ECLI:NL:HR:2025:383

Hoge Raad

Datum uitspraak
14 maart 2025
Publicatiedatum
13 maart 2025
Zaaknummer
24/03439
Instantie
Hoge Raad
Type
Uitspraak
Procedures
  • Artikel 80a RO-zaken
Vindplaatsen
  • Rechtspraak.nl
AI samenvatting door LexboostAutomatisch gegenereerd

Cassatieberoep niet-ontvankelijk verklaard in belastingzaak betreffende aanmaningskosten

In deze zaak heeft de Hoge Raad op 14 maart 2025 uitspraak gedaan in het cassatieberoep van [X] tegen het Dagelijks Bestuur van de BelastingSamenwerking Gouwe-Rijnland.

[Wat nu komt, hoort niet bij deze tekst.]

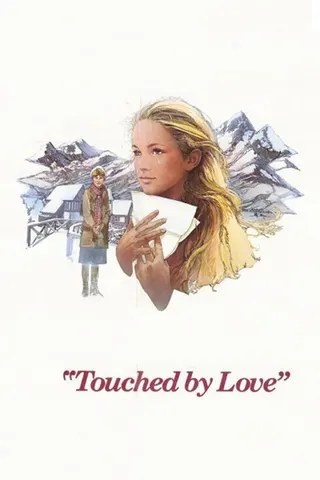 Touched by Love afişi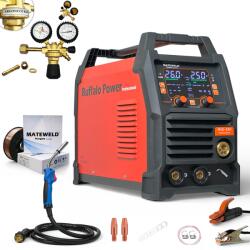 MATEWELD Buffalo Power MIG-250 (MWLDH250CS)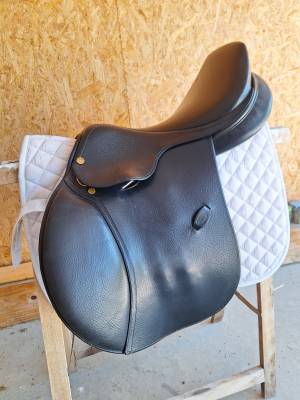 Selle mixte fouilloux 17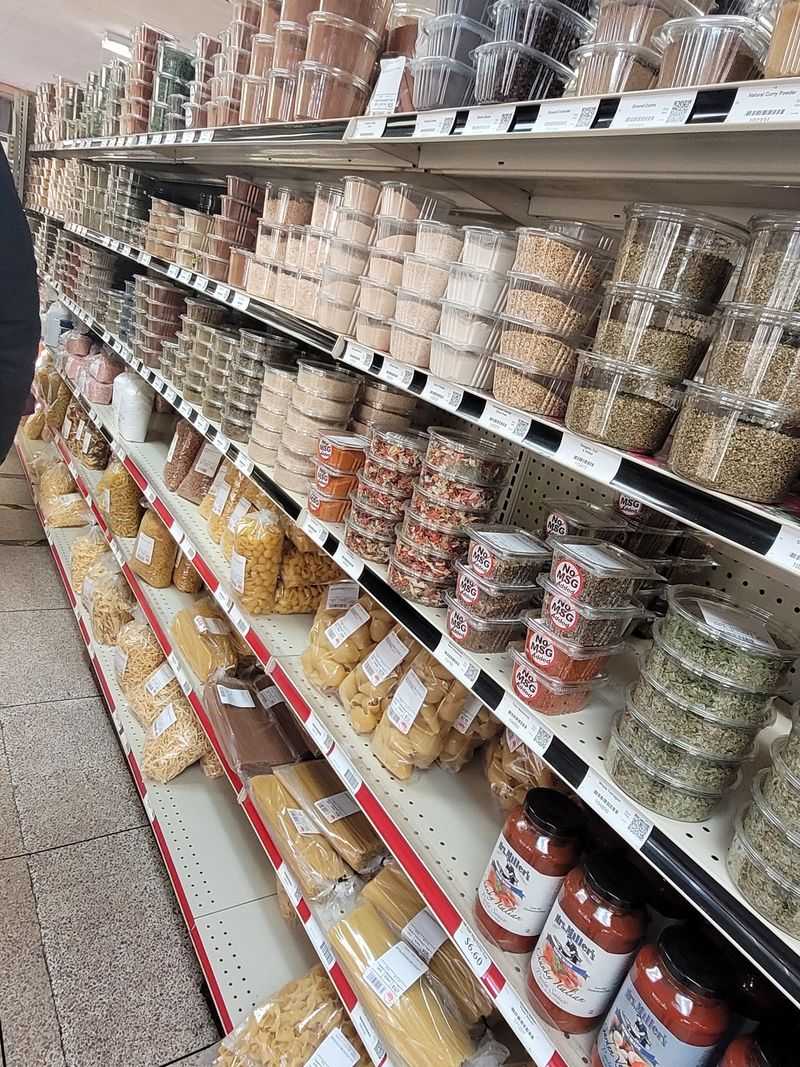 The Deli and Pantry Shelves Hold Serious Treasures The Deli and Pantry Shelves Hold Serious Treasures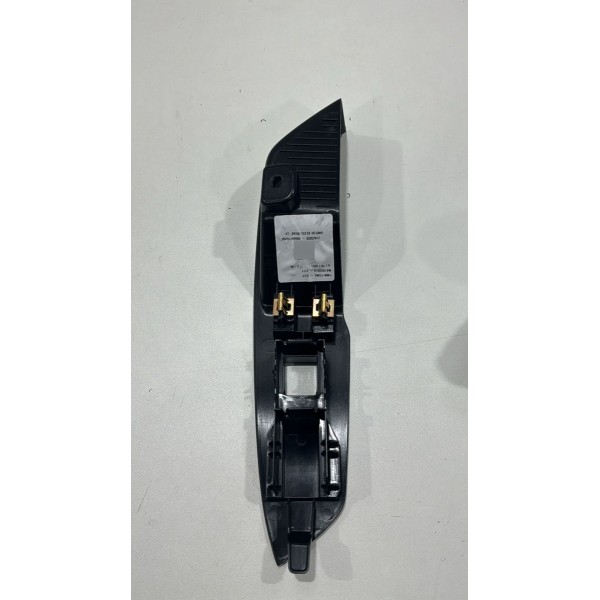 Acabament Botão Vidro Elétrico Trasei Esquerdo Compass 22 23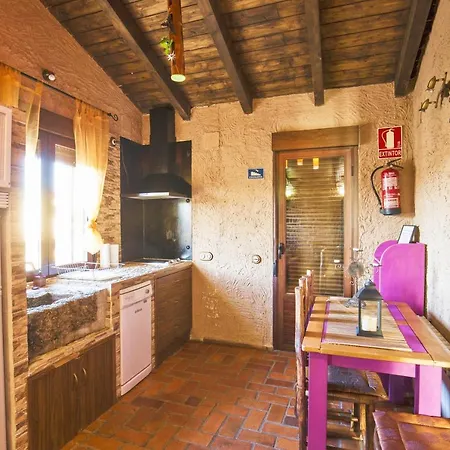 Suenos De Javier Holiday home *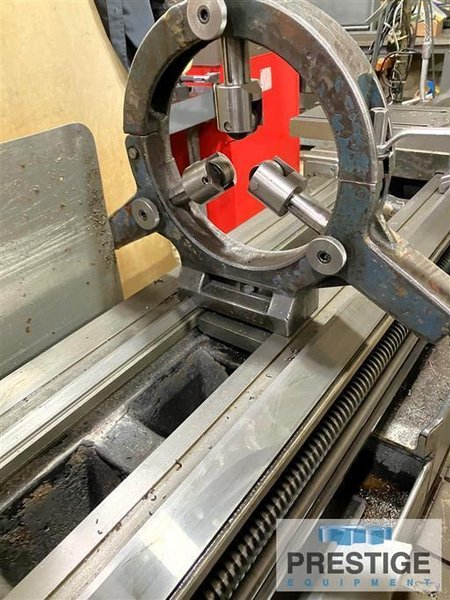 Lathes Flat Bed Manual &amp; CNC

Het beroep in cassatie was gericht tegen de uitspraak van het Gerechtshof Den Haag van 24 juli 2024, waarin het hoger beroep van belanghebbende tegen eerdere uitspraken van de Rechtbank Den Haag werd behandeld. De Hoge Raad heeft de ontvankelijkheid van het cassatieberoep beoordeeld en geconcludeerd dat de klachten over de uitspraak van het Hof niet kunnen slagen. Daarom heeft de Hoge Raad besloten het beroep in cassatie niet-ontvankelijk te verklaren, gebruikmakend van artikel 80a van de Wet op de rechterlijke organisatie. Tevens heeft de Hoge Raad geen aanleiding gezien om een veroordeling in de proceskosten uit te spreken. Deze beslissing is openbaar uitgesproken en is genomen door de raadsheer M.T. Boerlage als voorzitter, samen met de raadsheren A.E.H. van der Voort Maarschalk en W.A.P. van Roij, in tegenwoordigheid van de waarnemend griffier F. Treuren.

Uitspraak

HOGE RAAD DER NEDERLANDEN
BELASTINGKAMER
Nummer24/03439
Datum14 maart 2025
ARREST
in de zaak van
[X] (hierna: belanghebbende)
tegen
het DAGELIJKS BESTUUR VAN DE BELASTINGSAMENWERKING GOUWE-RIJNLAND, vertegenwoordigd door [P] ,
op het beroep in cassatie tegen de uitspraak van het Gerechtshof Den Haag van 24 juli 2024, nrs. BK-23/459 en BK-23/461, op het hoger beroep van belanghebbende tegen een uitspraak van de Rechtbank Den Haag (nrs. SGR 21/7810 en SGR 21/7811) betreffende aan belanghebbende in rekening gebrachte aanmaningskosten.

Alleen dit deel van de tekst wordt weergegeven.